Vestibular UFSC 2017: Angela Medeiros

05/10/2016 08:02

ANGELA_Vestibular_2017

Angela Medeiros, estudante de Psicologia

“Eu escolhi a UFSC por causa das ações afirmativas, e porque já tinha como foco entrar numa universidade federal. Sou de São Bernardo, São Paulo. Eu vim estudar em Florianópolis. Trouxe um dos meus filhos, enquanto o outro ficou em São Paulo, e durante a faculdade tive a minha filha Ísis.

Eu sempre gostei muito do campo da Psicologia, achava muito interessante o trabalho da psicologia social. A importância de entender como o funcionamento da sociedade influencia as pessoas. Eu gosto muito do currículo do meu curso, porque é um currículo generalista e é possível escolher a abordagem que você vai querer na psicologia. Mas ao mesmo tempo é muito pesado, porque são mais de 4500 horas de curso. São oito disciplinas obrigatórias por semestre, e, às vezes, é preciso fazer mais duas optativas para fechar essas milhares de horas. É muito puxado pra mim, que sou mãe, por isso não consegui terminar o curso em 10 semestres.
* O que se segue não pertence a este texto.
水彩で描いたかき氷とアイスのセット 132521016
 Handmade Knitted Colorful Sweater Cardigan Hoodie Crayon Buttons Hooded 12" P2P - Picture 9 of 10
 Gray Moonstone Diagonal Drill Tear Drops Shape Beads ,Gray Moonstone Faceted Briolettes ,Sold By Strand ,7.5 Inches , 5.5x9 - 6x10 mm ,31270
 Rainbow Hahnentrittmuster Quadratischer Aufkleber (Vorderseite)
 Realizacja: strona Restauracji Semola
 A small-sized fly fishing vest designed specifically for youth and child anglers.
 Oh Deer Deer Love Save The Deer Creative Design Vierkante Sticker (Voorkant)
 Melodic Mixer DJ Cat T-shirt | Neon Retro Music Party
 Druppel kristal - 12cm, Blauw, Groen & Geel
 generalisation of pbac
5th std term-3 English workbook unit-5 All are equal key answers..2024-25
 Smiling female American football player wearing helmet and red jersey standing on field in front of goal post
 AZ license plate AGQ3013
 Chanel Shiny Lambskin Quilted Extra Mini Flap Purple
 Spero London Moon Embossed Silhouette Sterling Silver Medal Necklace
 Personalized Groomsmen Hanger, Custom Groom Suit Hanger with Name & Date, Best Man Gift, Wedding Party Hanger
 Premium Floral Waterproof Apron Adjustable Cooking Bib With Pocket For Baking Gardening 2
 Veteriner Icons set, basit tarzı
Eu não vinha só estudar, tinha que estudar e trabalhar.

Ser mãe na Universidade sempre foi muito tranquilo. As pessoas da minha turma geralmente entendem a situação, e eu me sinto muito bem. Alguns professores tiveram um pouco mais de dificuldade de entender, e ainda têm. Eu tive que trazer o Pedro algumas vezes para as aulas, porque quando eu comecei a graduação, ele tinha nove meses.É difícil para os professores entender a realidade das pessoas que estão entrando agora. O perfil do aluno é totalmente diferente do perfil de antes: agora são várias mães, vários pais. Mas também há aqueles que ajudam, entendem o perfil do estudante e aproveitam da experiência enquanto mãe para as aulas. Ajuda bastante quando você já tem um conhecimento de desenvolvimento infantil, e eu estou passando por isso em várias etapas.

Sempre trabalhei aqui na UFSC, fazendo estágio. Eu saía da aula e ia para o estágio. O estágio ajuda bastante, muitos professores te levam para o lado profissional mesmo. Eu sou bolsista do Núcleo de Pesquisa em Movimentos Sociais (NMPS), trabalho na área de ações afirmativas, pesquiso sobre as ações afirmativas na UFSC, como elas se implementaram, como os estudantes estão permanecendo.

Eu tenho um perfil diferente de outros alunos, que entram na universidade sem se perceber como negro, eu já sabia que era negra. Então eu cheguei me impondo, algumas pessoas ficam com medo disso. Às vezes eu sinto o racismo nos olhares, ou nas atitudes, como ignorar as coisas que eu falo. É uma coisa sutil, um racismo à brasileira. Mas ao mesmo tempo eu me sinto muito fortalecida porque existem os grupos de estudantes negros, LGBT, que eu participo. Isso fortalece, porque você divide as suas experiências e um vai ajudando o outro. O que me manteve na universidade foi a relação com esses grupos. Ajudei a construir o Coletivo 4P, e tem várias atividades das quais a gente participa, como a recepção de calouros, pra eles poderem se ambientar com o local. Nós batalhamos muito por essas coisas.

Quando eu cheguei aqui me falaram que eu ia sofrer muito, que seria muito difícil. ‘Tem várias pessoas que não querem vocês aqui’, foi o que eu ouvi, era de assustar. Então para quem está querendo entrar é importante entender que esse é um espaço seu, um direito. Nunca deve se preocupar com nada que possa vir a dizer que esse espaço não é seu. Aproveite o máximo e traga o seu conhecimento para dentro da universidade, não é só a universidade que dá conhecimento, a gente também tem conhecimento pra passar.

Eu amadureci muito depois que entrei na UFSC. Aprendi muito do funcionamento da ciência, o que a ciência trabalha e como trabalhar com essas questões. Aprendi a lidar também como esse ritmo frenético que são oito disciplinas obrigatórias e o trabalho. Essa coisa da vida de adulto, de ser responsável por várias coisas. Agora que eu estou saindo percebo o quanto aprendi.”